36, oui, les a tous rendus fous ! Toutes les dérives deviennent possibles dès lors qu'on commence à se dire qu'il vaut mieux être fasciste avec Mussolini ou nazi avec Hitler que communiste ! Ceux qui ne se proclament plus nationalistes mais nationaux avaient déjà fait pression quelques mois avant l'arrivée de Blum sur Sarraut pour qu'il n'intervienne pas suite à la remilitarisation de la Rhénanie par Hitler. Ce sont les mêmes qui avaient poussé la France alors dirigée par Laval afin qu'elle mît son veto à toute sanction de la SDN contre l'Italie de Mussolini qui venait de faire main basse sur l'Ethique ! Ils avaient choisi leur camp ; délibérément : plutôt fascistes que rouges ! Il leur manquait sinon un chef en tout cas une icône ! Ce serait Pétain.

Faut-il y voir une figure tragique comme Blum le laisse à entendre ?

Assurément son âme damnée fut Laval qui profita sans vergogne de ses faiblesses et moments d'absences mais est-ce explication suffisante. Laval sera fusillé ; Pétain gracié ! Celui-ci sans doute au bénéfice de l'âge et d'une gloire passée.
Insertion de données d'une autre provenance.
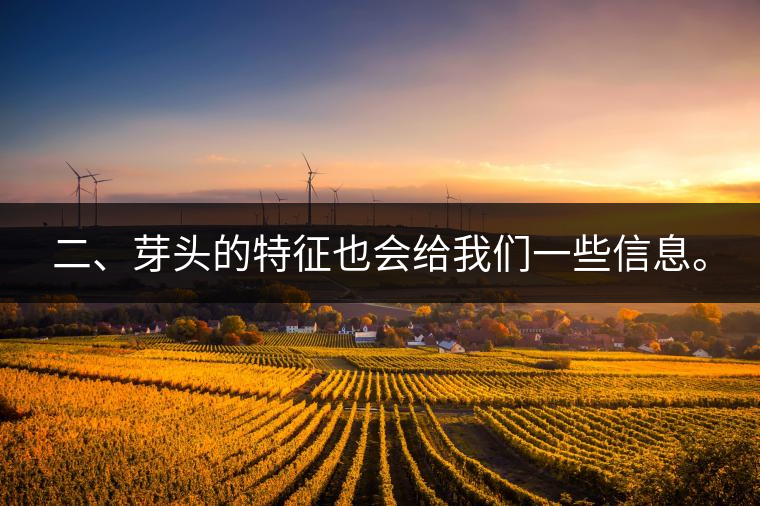 二、芽頭的特征也會給我們一些信息。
Tragique, oui, peut-être, que cette mégalomanie qui finit toujours par être la rançon mortifère du pouvoir. Peut-on durablement commander des millions d'hommes et les conduire à la mort ; durablement diriger un Etat, avec tous les moyens modernes que ceci suppose, sans finir par croire non seulement que l'on est indispensable - c'est le moins grave - mais qu'on peut à soi seul, à force d'habileté, de charisme et de visions écrire l'Histoire, incarner son peuple et faire l'humanité ?

Il y a des époques de vainqueurs, il y a des époques de vaincus. Une époque suit l'autre. Le danger des époques où chacun se croit vainqueur est plus grand que celui des époques où chacun se sent vaincu. Blum

Tout est dit ici du pouvoir qui ne laisse nul indemne ! Lui moins que les autres.